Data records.
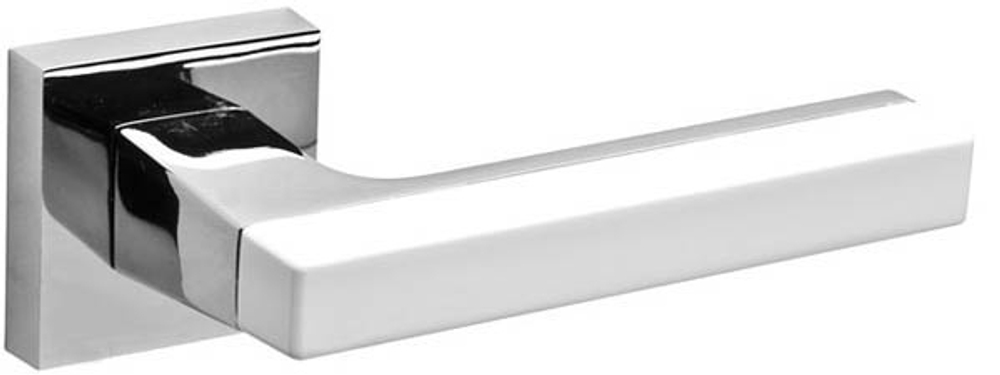 Ручка квадрат Фуаро FLASH DM CP/WH-19, цвет хром/белый ЦАМ (гарантия - 6 месяцев)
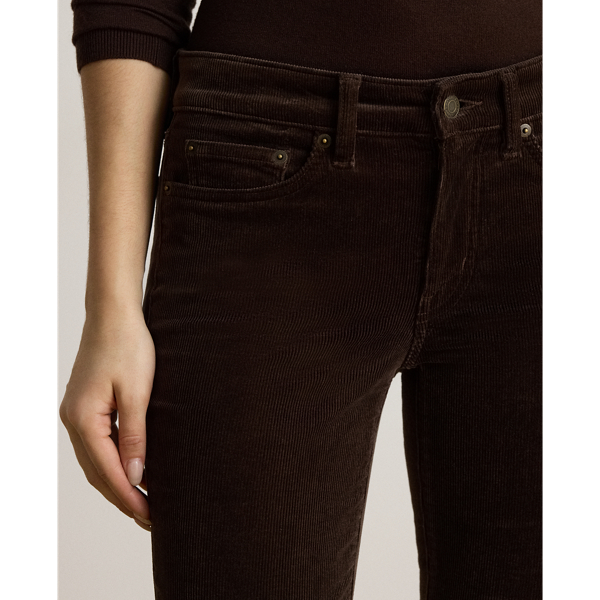 Mid-Rise Corduroy Slim Straight Trousers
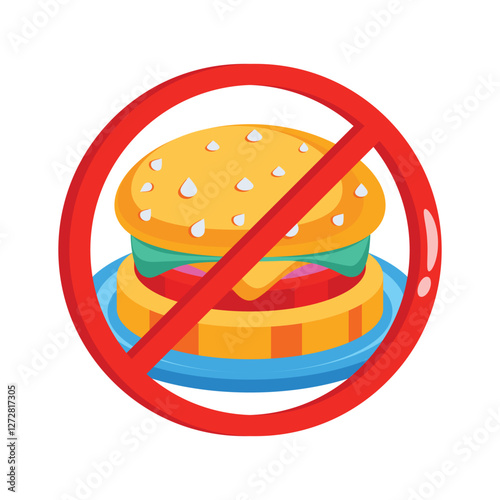 A no food sign representing fasting during the holy month of Ramadan.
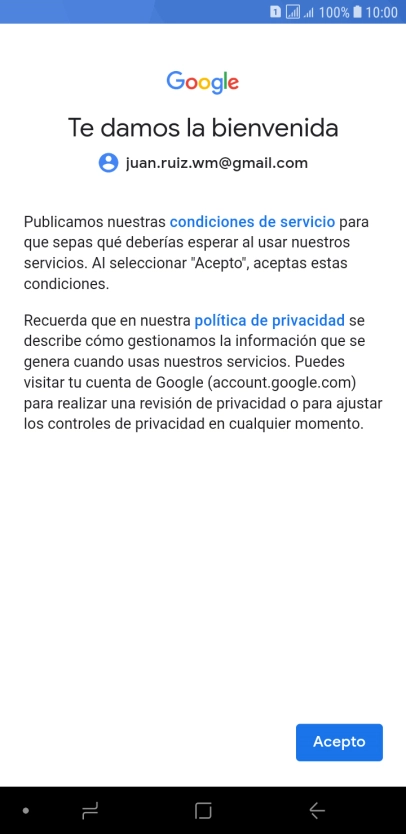 Pulsa Acepto y sigue las indicaciones de la pantalla para seleccionar los ajustes de tu cuenta de Google.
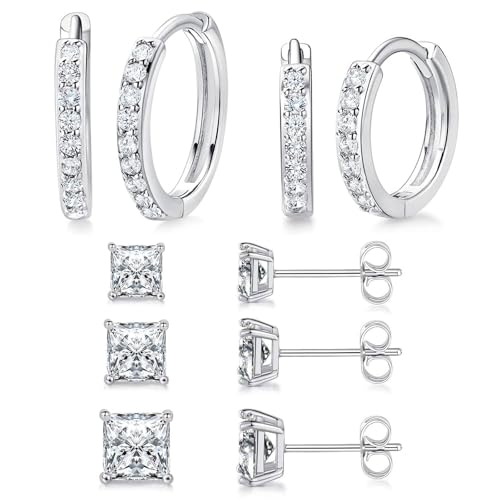 White Gold Earrings for Women Men Hoop and Stud Earring Set | Hypoallergenic 14K White Gold Plated Hoops Huggie Stud Earrings Set Round Cubic Zirconia Ear Jewelry - style: A2-White Gold-Hoop&Square Stud (5 Pairs)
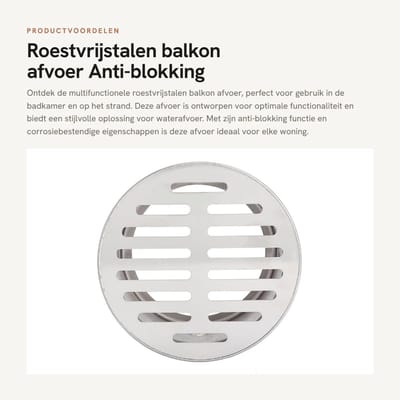 Dailygoods- Vloerafvoer Roestvrij Staal - Afvoerputje Buiten - Afvoerputje Douche - Antiblocking - Platte Mond 110 - Gloednieuw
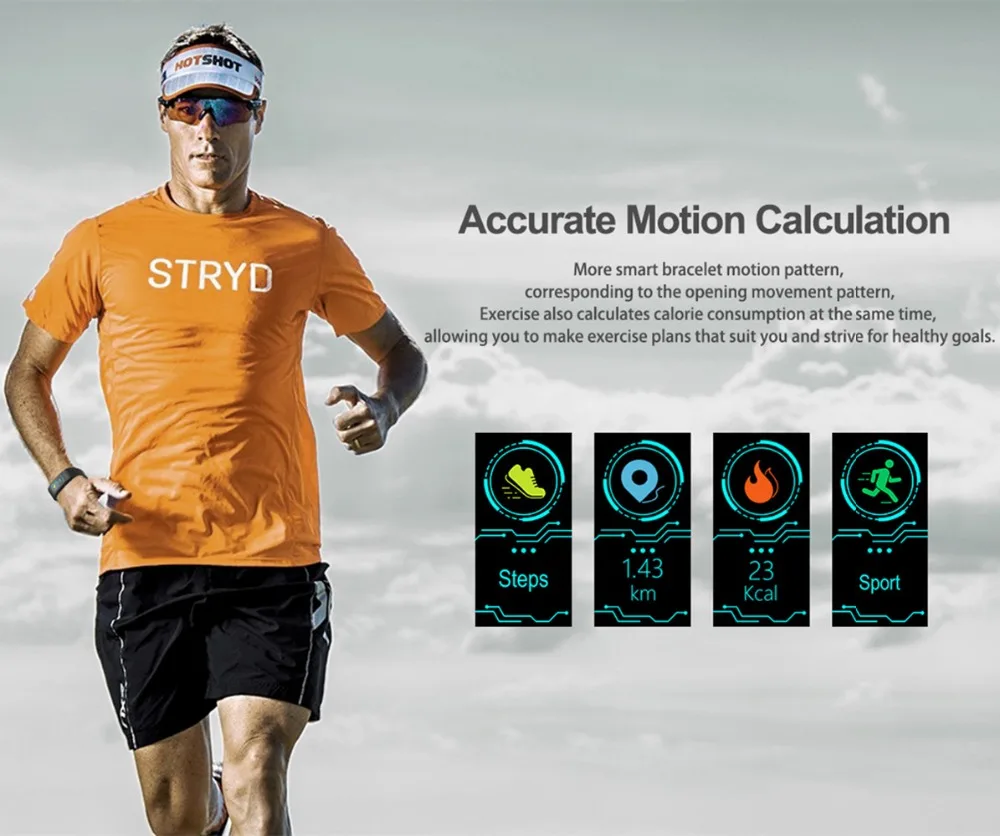  TLXSA Brand Fitness Bracelet Smart Pedometer Wristband Heart Rate Monitor Waterproof IP68 Sport Int - 1000007231388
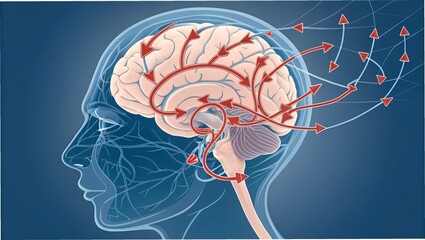 Detailed rendering of OCD — overactivity in cortico-striatal circuit, repetitive feedback loop between orbitofrontal cortex and basal ganglia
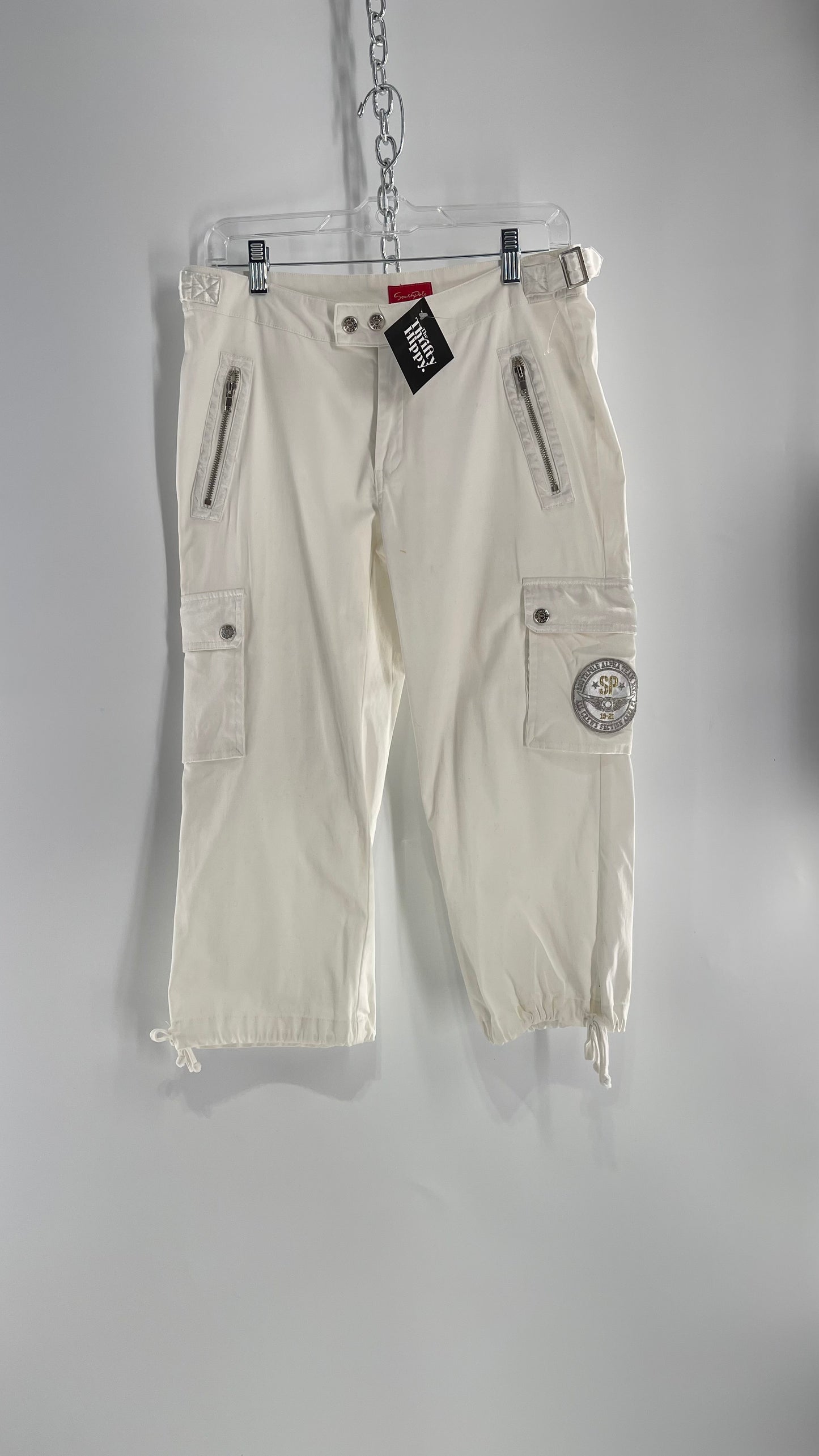 Vintage 1990s South Pole White Capri with Zippers, Silver Hardware, Satin Detailing and Patches (9)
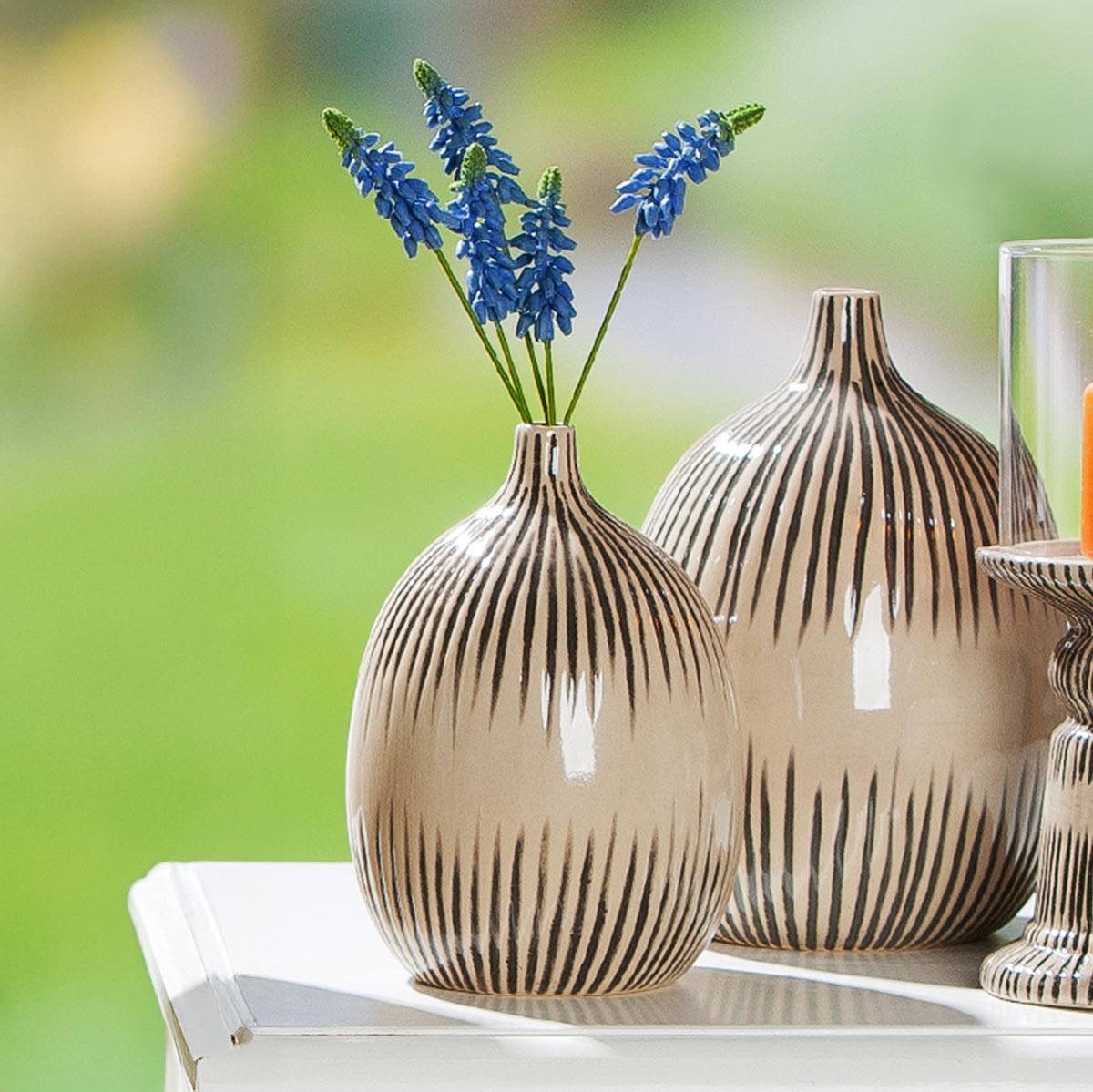 Gilde Keramická váza Pula, krémová, 18 cm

What the task asks. Please write out exactly the lines starting at the one that contains "Detailed rendering of" and ending with the final line of the entries, both ends included. Do not write out any pictures.

Response area.
 Detailed rendering of OCD — overactivity in cortico-striatal circuit, repetitive feedback loop between orbitofrontal cortex and basal ganglia
 Vintage 1990s South Pole White Capri with Zippers, Silver Hardware, Satin Detailing and Patches (9)
 Gilde Keramická váza Pula, krémová, 18 cm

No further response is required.